Barry gelingt es dennoch, die Verzweiflung einer Frau spürbar zu machen, die niemals Gestaltungshoheit über ihr eigenes Leben erlangen konnte. „Annie Dunne” reiht sich ein in die Tradition der Romane, die sich im ländlichen Irland und England der ersten Hälfte des Zwanzigsten Jahrhunderts abspielen, wie J.L. Carrs „A Month in the Country”, oder die Romane von William Trevor. In ihrem Zentrum stehen unvollendete Existenzen, denen es lediglich vergönnt ist, kurz aufzublitzen und dann ein Leben lang in diesem einen Moment zu leben, sich in diesen Moment zurück zu ziehen, um der Eintönigkeit des Alltags zu entgehen.

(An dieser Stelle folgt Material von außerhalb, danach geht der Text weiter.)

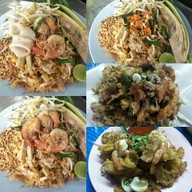 ร้านผัดไทยหอยทอดร่มเกล้า(หน้าตลาดกลาง)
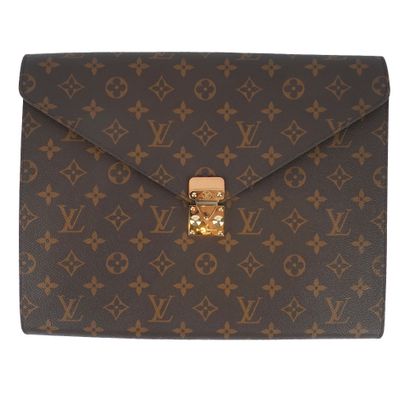 LOUIS VUITTON
Porte-document Louis Vuitton...
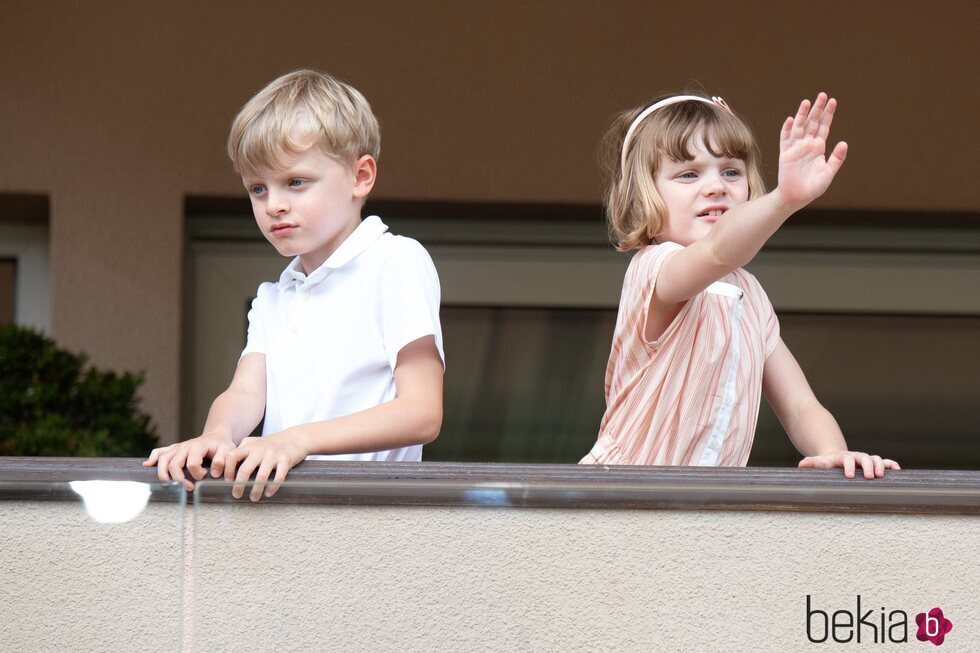 Jacques y Gabriella de Mónaco en un partido de rugby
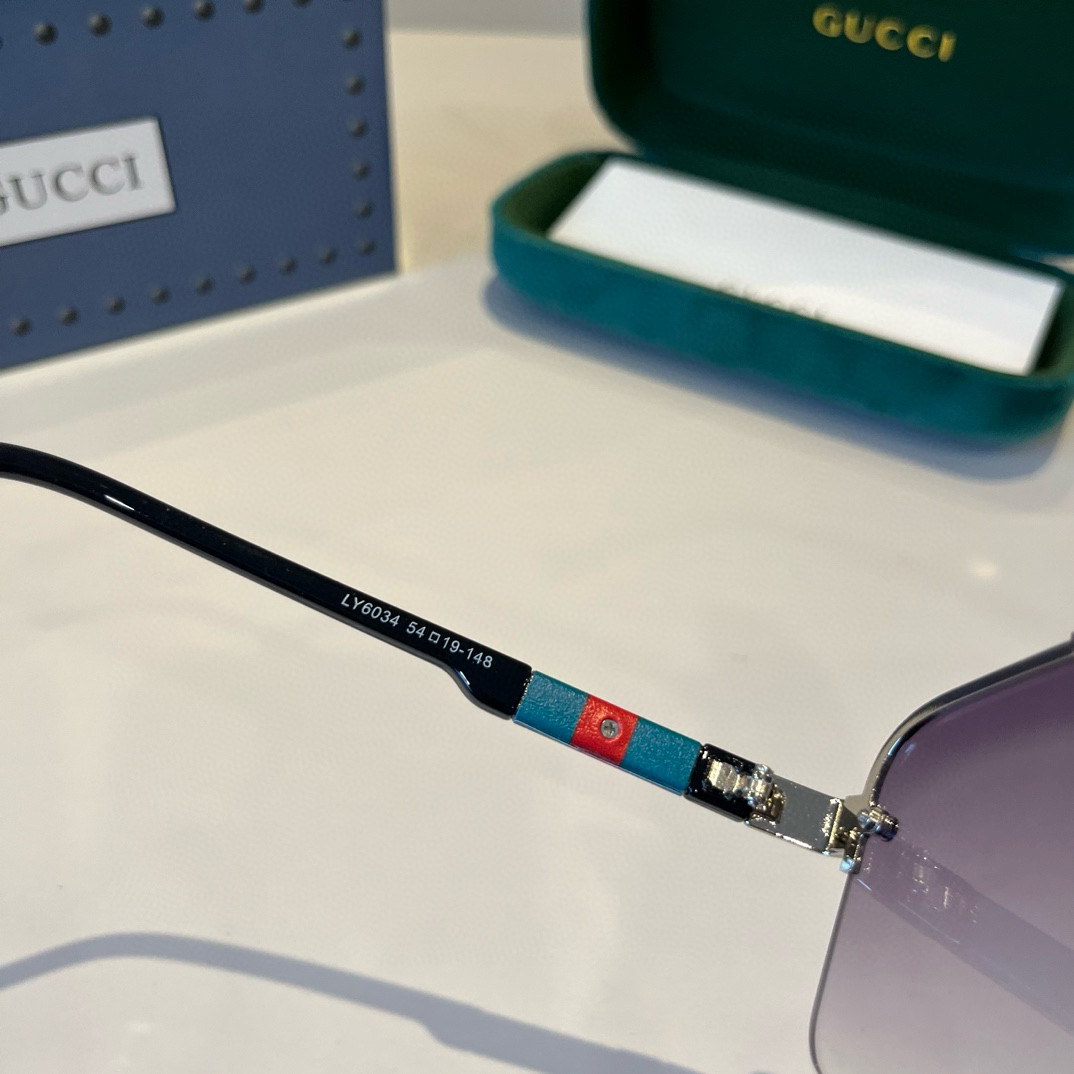 Gucci Square Frame Sunglasses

Stellenweise erinnert „Annie Dunne” auch an die Bücher von Colm Tóibín, besonders an den 2014 erschienenen Roman „Nora Webster”, in dessen Zentrum eine eigenwillige, einprägsame Frauenfigur steht und die eigentliche Handlung zur Nebensache gerät. Wie Tóibín verwebt Barry die Handlungen seiner Bücher und Theaterstücke miteinander, indem er immer wieder die gleichen Figuren auftreten lässt.
Geduldige Leser*innen werden für ihre Auseinandersetzung mit Barrys Roman belohnt; schlüssig ist seine literarische Vorgehensweise ebenfalls: Der Autor lässt seine Geschichte bewusst unvollendet und alles Entscheidende unausgesprochen, so wie auch Annie Dunnes Leben unvollendet bleibt.